SUPPLIED MATERIAL:

━━━━━━

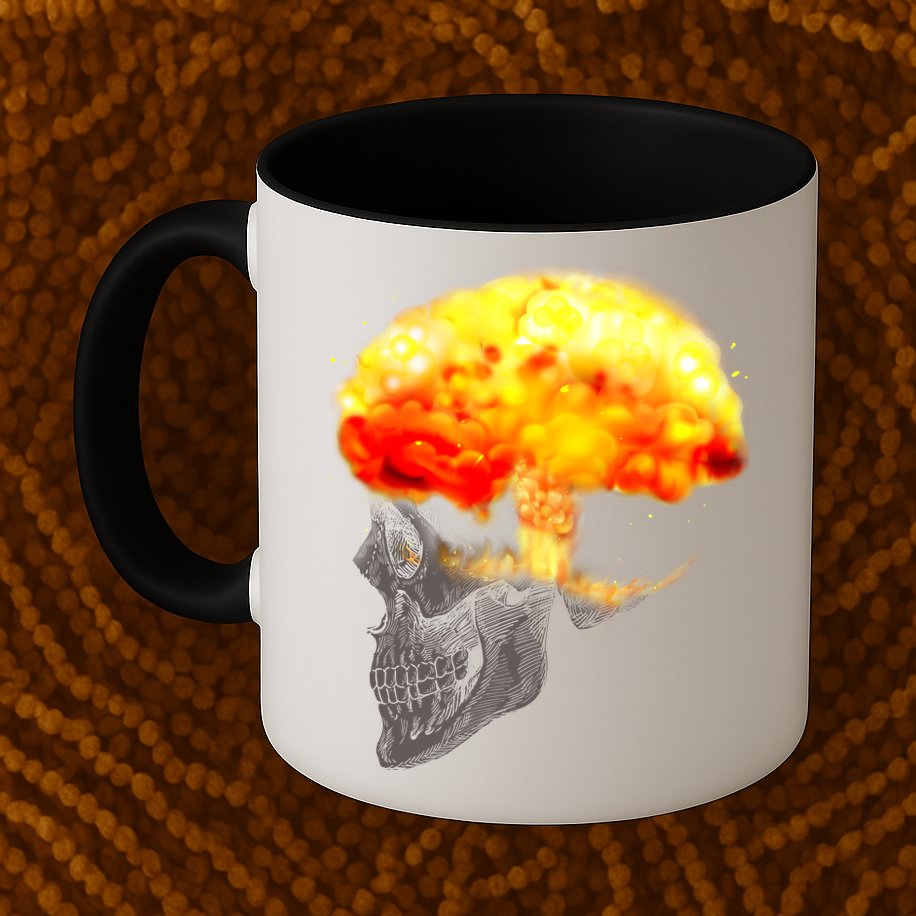 Skull Mind On Fire Mug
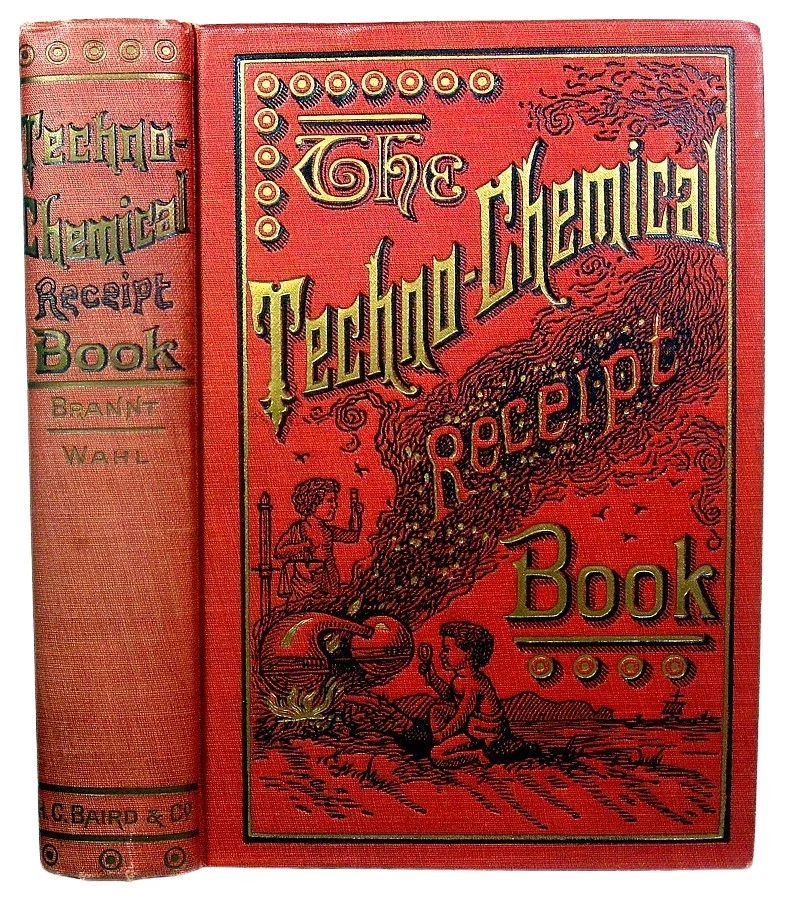 Antique CHEMICAL COOKBOOK Explosives FIREWORKS Gunpowder LIQUOR Tobacco Snuff - Image 2 of 3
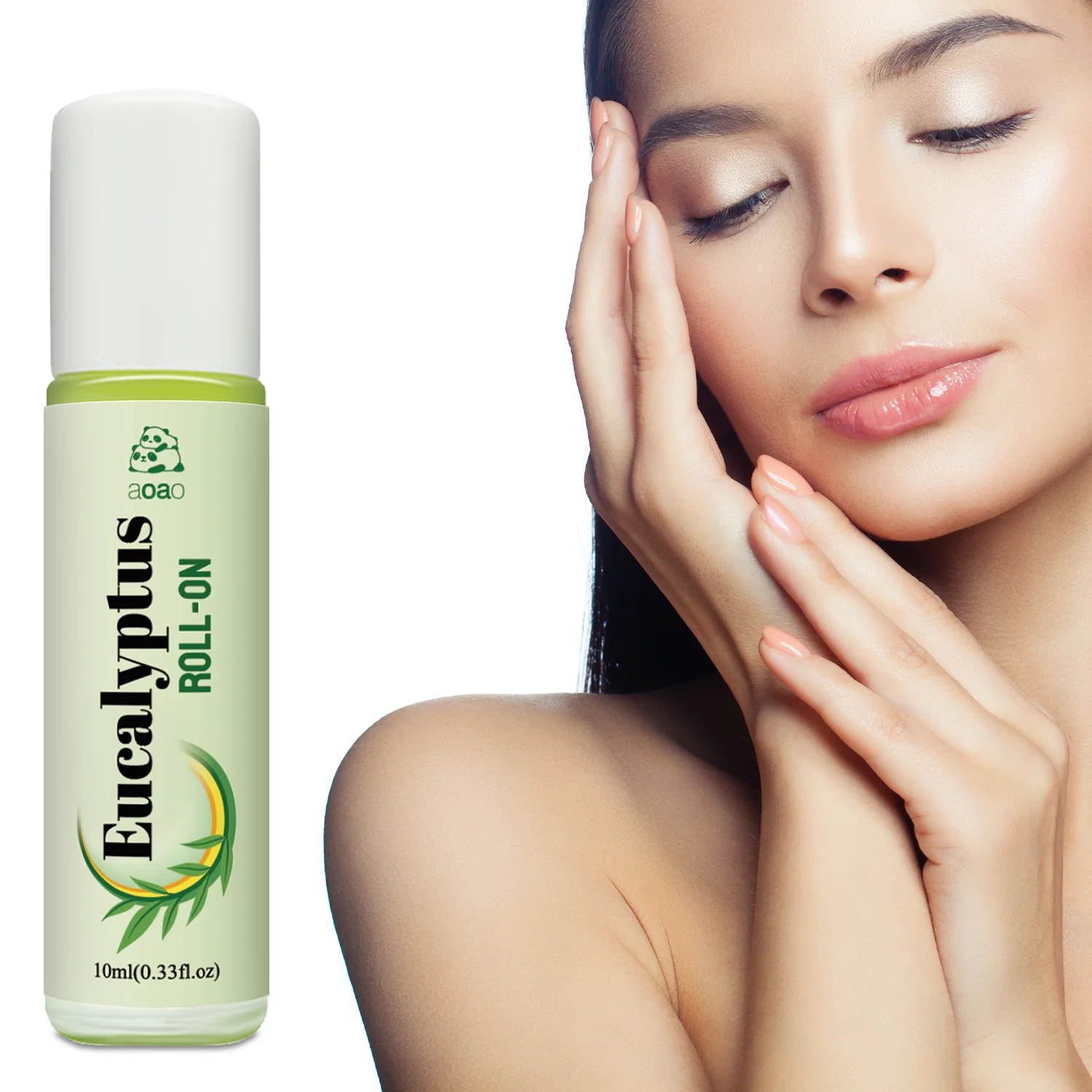

Mint Eucalyptus Essential Oil Blend Roller Body Partial Massage Light Beige Care Travel Size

━━━━━━

ACTIVITY: When you reproduce the data shown above, keep each line exact and omit every picture.

EXERCISE SOLUTION:
 Skull Mind On Fire Mug
 Antique CHEMICAL COOKBOOK Explosives FIREWORKS Gunpowder LIQUOR Tobacco Snuff - Image 2 of 3

Mint Eucalyptus Essential Oil Blend Roller Body Partial Massage Light Beige Care Travel Size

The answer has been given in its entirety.